Se a questão fundamental é a defesa do devido processo legal, tão
atacado pela corrupção de meios da Lava-Jato, fundamental deveria ser o
impedimento do ministro para cuidar de tudo quanto se referisse à
Odebrecht nos escombros da operação.
Em vez disso, esteve bem à vontade,
agudo o faro das oportunidades, para decretar a nulidade de todas as
provas derivadas do acordo de leniência da empreiteira — inclusive a
porção que o cita.
Só mesmo o ímpeto por vingança, que acomoda os abusos de poder, somado
ao triunfo do vício monocrático, com que juízes da Corte constitucional
dissimulam autoritarismos para gerir assuntos pessoais, explica que Dias
Toffoli faça o que fez se arvorando ainda em guardião do Estado de
Direito.
Ele terá evoluído; sofisticado o estilo. O conjunto colhido pela
Lava-Jato seria produto, segundo o ministro, do “pau de arara do século
XXI”, mesmo que nenhum Odebrecht parecesse seviciado ao falar. Delataram
— e acordaram as leniências — assistidos pelas melhores bancas do país. (Se a forma do acordo do Estado com graúdos da empresa foi exercício de
tortura, como se deveria nomear o que se aflige aos pobres presos
preventivamente Brasil afora, presídios adentro?
Caberia também
perguntar se consistiriam flagelação os modos empregados para acertar a
delação de Mauro Cid, posto em liberdade provisória tão logo homologada
sua colaboração; hein?)
Dias Toffoli progrediu. Avançou da condição de censor da atividade
jornalística à — raríssima — de juiz responsável pela garantia da
higidez do devido processo legal depois de haver anulado a validade de
provas que o mencionam.
Falei em censura. Em Dias Toffoli censor.
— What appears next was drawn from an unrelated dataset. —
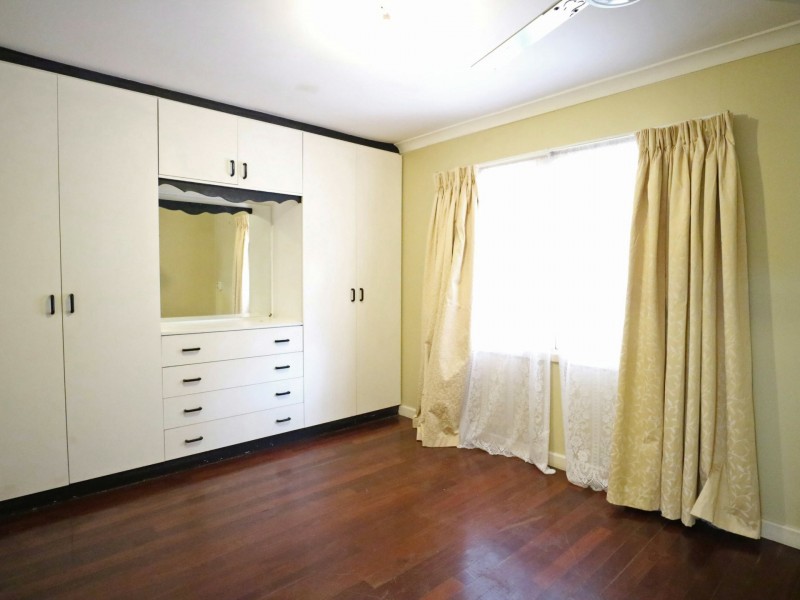 8 Grand Parade, Redcliffe WA 6104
É impreciso.
Ele terceirizou o
ato, preciso sendo que havia muito a cadeia de amizades o incomodava.
Marcelo Odebrecht contara quem era “o amigo do amigo do meu pai” em 9 de
abril de 2019. No dia 11, a Crusoé publicou reportagem a respeito. No
dia 15, a revista foi censurada, obrigada a tirar a matéria do ar.
Barbaridade inicial do onipresente, onisciente e eterno inquérito das
Fake News, criado por Dias Toffoli em março daquele ano — sob o
argumento de defender a honra dos ministros do Supremo — e dado para a
gestão de Alexandre de Moraes, donde a censura terceirizada. Moraes
censurou.
A censura mobilizaria a reação da sociedade e logo cairia.
A reportagem
da Crusoé está aí, para quem quiser ler.
Mais uma razão para que se
rechacem os desejos por tornar peças secretas canetadas como a de Dias
Toffoli.
A censura caiu. A reportagem está disponível. Dias Toffoli é, segundo
Marcelo Odebrecht, “o amigo do amigo do meu pai”.
É. Ao mesmo tempo,
era. Já era; porque doravante vige a imprestabilidade do esclarecimento,
a esterilidade da apuração, impossíveis quaisquer elucidações sobre
tratativas e fechamentos. “Segundo Marcelo” não existe mais — decidiu
Dias Toffoli.
O “pai” (de Marcelo) é Emílio, amigo de Lula — amigo de Dias Toffoli.
Era. Dias Toffoli era amigo de Lula. E continua não sendo; o ministro
militando, em maiúsculas, para refazer os laços com o (de novo)
presidente e turma.
Não lhe falta coragem; de maneira que vai urgente, por favor, que Lula responda ao zap e perdoe —anistie — o ministro.